Provided data below:

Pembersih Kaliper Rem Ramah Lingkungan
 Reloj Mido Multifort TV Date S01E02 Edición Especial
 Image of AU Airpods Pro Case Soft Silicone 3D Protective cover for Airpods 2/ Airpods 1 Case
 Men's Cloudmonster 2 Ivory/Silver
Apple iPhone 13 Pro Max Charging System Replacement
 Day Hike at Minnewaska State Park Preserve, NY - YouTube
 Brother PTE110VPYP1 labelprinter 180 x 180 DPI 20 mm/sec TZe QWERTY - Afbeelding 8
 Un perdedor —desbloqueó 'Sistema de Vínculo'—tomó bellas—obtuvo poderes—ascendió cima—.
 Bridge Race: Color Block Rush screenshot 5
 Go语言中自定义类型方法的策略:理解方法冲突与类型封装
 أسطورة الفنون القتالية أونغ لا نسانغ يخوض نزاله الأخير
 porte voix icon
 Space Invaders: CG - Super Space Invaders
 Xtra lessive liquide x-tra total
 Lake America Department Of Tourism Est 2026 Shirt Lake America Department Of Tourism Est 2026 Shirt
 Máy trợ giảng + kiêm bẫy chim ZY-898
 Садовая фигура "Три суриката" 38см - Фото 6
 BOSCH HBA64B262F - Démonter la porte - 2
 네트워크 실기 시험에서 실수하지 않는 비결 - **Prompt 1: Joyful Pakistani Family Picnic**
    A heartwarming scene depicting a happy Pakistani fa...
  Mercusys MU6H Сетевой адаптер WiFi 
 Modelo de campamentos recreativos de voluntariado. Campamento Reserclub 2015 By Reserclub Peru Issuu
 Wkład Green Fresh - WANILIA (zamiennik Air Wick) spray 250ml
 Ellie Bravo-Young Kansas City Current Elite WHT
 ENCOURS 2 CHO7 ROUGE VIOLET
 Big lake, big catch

End of Provided data.

What is needed:
Start at the line containing "Un perdedor —desbloqueó". Repeat it and each line after it, word for word, to the end of the records.

Problem solution:
 Un perdedor —desbloqueó 'Sistema de Vínculo'—tomó bellas—obtuvo poderes—ascendió cima—.
 Bridge Race: Color Block Rush screenshot 5
 Go语言中自定义类型方法的策略:理解方法冲突与类型封装
 أسطورة الفنون القتالية أونغ لا نسانغ يخوض نزاله الأخير
 porte voix icon
 Space Invaders: CG - Super Space Invaders
 Xtra lessive liquide x-tra total
 Lake America Department Of Tourism Est 2026 Shirt Lake America Department Of Tourism Est 2026 Shirt
 Máy trợ giảng + kiêm bẫy chim ZY-898
 Садовая фигура "Три суриката" 38см - Фото 6
 BOSCH HBA64B262F - Démonter la porte - 2
 네트워크 실기 시험에서 실수하지 않는 비결 - **Prompt 1: Joyful Pakistani Family Picnic**
    A heartwarming scene depicting a happy Pakistani fa...
  Mercusys MU6H Сетевой адаптер WiFi 
 Modelo de campamentos recreativos de voluntariado. Campamento Reserclub 2015 By Reserclub Peru Issuu
 Wkład Green Fresh - WANILIA (zamiennik Air Wick) spray 250ml
 Ellie Bravo-Young Kansas City Current Elite WHT
 ENCOURS 2 CHO7 ROUGE VIOLET
 Big lake, big catch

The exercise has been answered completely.